Biyoyakıt

Biyoyakıt Nedir?

Biyoyakıt, mikrobiyal, bitki veya hayvansal malzemelerden elde edilen bir tür yenilenebilir enerji kaynağıdır. Biyoyakıt örnekleri arasında etanol (genellikle Amerika Birleşik Devletleri’nde mısırdan ve Brezilya’da şeker kamışından yapılır), biyodizel (bitkisel yağlardan ve sıvı hayvansal yağlardan elde edilir), yeşil dizel (yosun ve diğer bitki kaynaklarından elde edilir) ve biyogaz ( hayvan gübresi ve diğer sindirilmiş organik maddeler).

Biyoyakıtlar katı, sıvı veya gaz olabilir. Temiz bir şekilde taşınmasını, teslim edilmesini ve yakılmasını kolaylaştırdığı için son iki biçimde en yararlıdırlar.

Temel Çıkarımlar

  • Biyoyakıtlar, canlı malzemelerden elde edilen bir yenilenebilir enerji sınıfıdır.
  • En yaygın biyoyakıtlar mısır etanolü, biyodizel ve organik yan ürünlerden elde edilen biyogazdır.
  • Yenilenebilir kaynaklardan elde edilen enerji, yenilenemeyen kaynaklar olarak kabul edilen sınırlı fosil yakıt arzına daha az yük getirir.

Biyoyakıtı Anlamak

Küresel enerji talebinin önemli ölçüde artmaya devam etmesi bekleniyor ve bu ihtiyaçları karşılamak için alternatif, sürdürülebilir çözümlerin bulunması gerektiği yaygın olarak kabul ediliyor. Enerji endüstrisindeki pek çok insan biyoyakıtın cevap olabileceğine inanıyor ve onu temiz ve yenilenebilir özelliklerinden dolayı gelecekteki enerji üretimi için hayati öneme sahip olarak görüyor.
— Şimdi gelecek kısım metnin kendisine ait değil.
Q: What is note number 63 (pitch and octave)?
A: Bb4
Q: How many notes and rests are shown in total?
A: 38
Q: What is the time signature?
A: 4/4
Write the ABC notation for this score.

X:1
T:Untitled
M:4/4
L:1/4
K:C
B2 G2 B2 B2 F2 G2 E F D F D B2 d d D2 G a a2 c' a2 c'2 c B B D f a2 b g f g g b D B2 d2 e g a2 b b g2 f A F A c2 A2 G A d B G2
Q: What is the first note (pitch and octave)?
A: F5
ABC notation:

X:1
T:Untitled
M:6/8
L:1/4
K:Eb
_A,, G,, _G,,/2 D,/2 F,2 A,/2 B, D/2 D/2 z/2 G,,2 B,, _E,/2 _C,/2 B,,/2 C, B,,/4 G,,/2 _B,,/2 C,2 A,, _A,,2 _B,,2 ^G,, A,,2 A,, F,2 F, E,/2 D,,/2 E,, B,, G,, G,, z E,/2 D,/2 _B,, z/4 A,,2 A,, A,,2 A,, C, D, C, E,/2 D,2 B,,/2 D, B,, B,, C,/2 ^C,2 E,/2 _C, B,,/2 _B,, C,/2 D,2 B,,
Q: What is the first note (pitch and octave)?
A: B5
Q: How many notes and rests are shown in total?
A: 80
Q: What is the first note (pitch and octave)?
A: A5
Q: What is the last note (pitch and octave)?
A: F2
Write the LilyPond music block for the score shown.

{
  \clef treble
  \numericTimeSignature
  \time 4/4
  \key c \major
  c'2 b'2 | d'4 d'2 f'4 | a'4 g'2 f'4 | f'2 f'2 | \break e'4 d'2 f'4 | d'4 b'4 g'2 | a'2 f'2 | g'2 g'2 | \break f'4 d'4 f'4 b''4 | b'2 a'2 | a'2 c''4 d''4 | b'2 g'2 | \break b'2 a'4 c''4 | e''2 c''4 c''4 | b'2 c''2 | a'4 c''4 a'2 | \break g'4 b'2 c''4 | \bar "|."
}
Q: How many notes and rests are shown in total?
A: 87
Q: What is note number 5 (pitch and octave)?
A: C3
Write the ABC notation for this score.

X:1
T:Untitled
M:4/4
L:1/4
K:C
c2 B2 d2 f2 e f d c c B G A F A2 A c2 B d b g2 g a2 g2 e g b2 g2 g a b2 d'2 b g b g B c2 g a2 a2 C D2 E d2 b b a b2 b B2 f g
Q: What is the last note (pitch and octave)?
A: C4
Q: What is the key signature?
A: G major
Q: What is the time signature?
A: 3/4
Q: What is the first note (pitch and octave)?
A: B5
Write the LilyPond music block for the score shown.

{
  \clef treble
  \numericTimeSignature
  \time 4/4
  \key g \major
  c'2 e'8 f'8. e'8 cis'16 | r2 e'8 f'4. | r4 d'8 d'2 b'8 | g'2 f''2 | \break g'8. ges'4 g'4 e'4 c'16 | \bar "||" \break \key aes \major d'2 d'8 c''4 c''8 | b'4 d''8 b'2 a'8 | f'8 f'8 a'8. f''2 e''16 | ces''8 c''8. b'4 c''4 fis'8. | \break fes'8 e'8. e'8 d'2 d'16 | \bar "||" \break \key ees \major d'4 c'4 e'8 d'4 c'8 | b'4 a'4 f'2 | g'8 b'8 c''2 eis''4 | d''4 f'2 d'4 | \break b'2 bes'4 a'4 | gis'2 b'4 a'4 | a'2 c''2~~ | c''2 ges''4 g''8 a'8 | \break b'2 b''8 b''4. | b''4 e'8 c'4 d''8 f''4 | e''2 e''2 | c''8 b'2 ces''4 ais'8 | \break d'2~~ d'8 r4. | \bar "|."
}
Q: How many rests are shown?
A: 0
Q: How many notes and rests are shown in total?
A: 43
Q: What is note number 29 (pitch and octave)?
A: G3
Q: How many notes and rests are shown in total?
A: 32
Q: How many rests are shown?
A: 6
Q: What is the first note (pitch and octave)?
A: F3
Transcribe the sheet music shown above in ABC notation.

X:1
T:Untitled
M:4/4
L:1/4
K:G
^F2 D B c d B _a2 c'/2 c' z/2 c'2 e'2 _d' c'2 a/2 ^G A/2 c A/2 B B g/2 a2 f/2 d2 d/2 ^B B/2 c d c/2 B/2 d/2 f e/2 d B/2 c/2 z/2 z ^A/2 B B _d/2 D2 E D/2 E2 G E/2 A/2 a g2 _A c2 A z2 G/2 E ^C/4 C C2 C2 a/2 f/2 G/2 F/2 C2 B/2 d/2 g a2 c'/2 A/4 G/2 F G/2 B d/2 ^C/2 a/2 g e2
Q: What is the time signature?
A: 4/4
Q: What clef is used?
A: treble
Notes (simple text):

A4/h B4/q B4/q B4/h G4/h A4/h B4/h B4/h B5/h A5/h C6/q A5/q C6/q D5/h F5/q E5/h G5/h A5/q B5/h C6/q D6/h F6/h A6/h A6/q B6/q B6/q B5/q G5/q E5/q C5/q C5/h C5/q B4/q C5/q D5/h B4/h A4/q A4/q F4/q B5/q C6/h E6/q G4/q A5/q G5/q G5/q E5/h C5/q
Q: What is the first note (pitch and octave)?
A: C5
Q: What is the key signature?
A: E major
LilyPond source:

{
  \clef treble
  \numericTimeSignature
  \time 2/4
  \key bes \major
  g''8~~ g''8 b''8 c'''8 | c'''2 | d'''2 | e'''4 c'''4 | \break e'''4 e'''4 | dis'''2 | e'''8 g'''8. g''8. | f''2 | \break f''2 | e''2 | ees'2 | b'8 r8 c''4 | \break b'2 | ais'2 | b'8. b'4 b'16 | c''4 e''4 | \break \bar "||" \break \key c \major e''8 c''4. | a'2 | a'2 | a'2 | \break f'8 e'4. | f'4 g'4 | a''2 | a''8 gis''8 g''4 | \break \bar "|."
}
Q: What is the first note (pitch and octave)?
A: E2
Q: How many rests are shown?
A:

Biyoyakıt, yenilenemeyen fosil yakıtlara benzer şekilde çalışır. Her ikisi de tutuşturulduğunda yanar ve arabaları çalıştırmak veya evleri ısıtmak için kullanılabilecek enerjiyi açığa çıkarır. Aralarındaki temel fark, biyoyakıtların süresiz olarak yetiştirilebilmesi ve genellikle gezegene daha az zarar vermesidir.

Exxon Mobil Corp. ( XOM ) da dahil olmak üzere dünyanın önde gelen petrol şirketlerinin çoğu şu anda gelişmiş biyoyakıt araştırmalarına milyonlarca dolar yatırım yapıyor. Amerika’nın en büyük petrol şirketi, gıda veya su kaynakları ile rekabet etmeyen gelişmiş biyoyakıtlara odaklanıyor ve tahsis ettiği fonların çoğu yosun ve bitki atıklarını nakliye için kullanılabilecek yakıta dönüştürmeye adanmış durumda.

ExxonMobil, son on yılda biyoyakıt araştırmalarına 300 milyon dolardan fazla yatırım yaptı.

Heyecanına rağmen ExxonMobil, hem biyokütle optimizasyonunda hem de biyokütlenin uygun yakıtlara dönüştürülmesinde temel teknoloji iyileştirmelerinin ve bilimsel atılımların hala gerekli olduğu konusunda uyardı.

Biyoyakıt Sınırlamaları

Enerji güvenliği ve karbondioksit emisyonlarından endişe duyan bireyler, biyoyakıtları fosil yakıtlara uygulanabilir bir alternatif olarak görüyorlar. Bununla birlikte, biyoyakıtların da eksiklikleri vardır.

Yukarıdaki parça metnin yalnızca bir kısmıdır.